Cerita / gambar: Arun Phuritat
Pulau Teshima adalah tempat dimana Museum Seni Teshima berada, museum seni yang hanya menampilkan karya seni dari satu seniman. Desain dan tata letak museum ini adalah karya Ryue Nishizawa, seorang arsitek dari SANAA. Mahakarya arsitektur ini merupakan hasil kolaborasinya dengan seorang seniman wanita, Rei Naito. Struktur bangunan Museum Seni Teshima ini selesai pada tahun 2010.

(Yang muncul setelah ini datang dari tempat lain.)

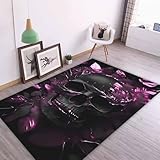 SMchwbc Teppich Schlafzimmer Totenkopf Wohnzimmer Kinderzimmer, Kinderteppich Wohnzimmer Kurzflor Spielteppich Fur Schlafzimmer Dekoration
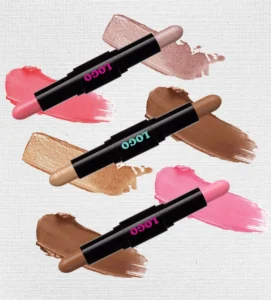 Dual-ended Low Saturation Blush & Contour Highlight Stick, Multi-use for Nose Shadow Facial Sculpting Brightening Makeup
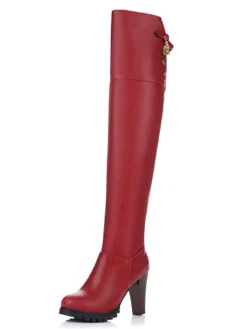Cuissardes femmes couleur unie bout rond talon épais sur les bottes au genou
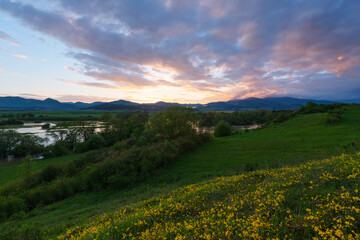 Floodplain of river Turiec at Laskar village, Slovakia.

Bus kecil menuju Teshima Art Museum perlahan menaiki bukit dan melewati jalan yang berkelok tanpa terburu-buru. Pemandangan laut terlihat dari semak-semak dan pepohonan. Setibanya di Museum Seni Teshima yang terletak di sebuah bukit kecil, samudra tanpa batas terlihat di bagian bawah. Menengok kembali ke museum, kita dapat melihat struktur bangunan yang menyerupai bukit putih mirip dengan pesawat alien dari luar angkasa. Ia tampak menonjol dari ladang subur di sekitarnya. Kita juga dapat melihat jalan beton yang dengan anggunnya memanjang menuju ke kantor penjualan tiket, sebuah kotak beton persegi panjang di bawah bukit.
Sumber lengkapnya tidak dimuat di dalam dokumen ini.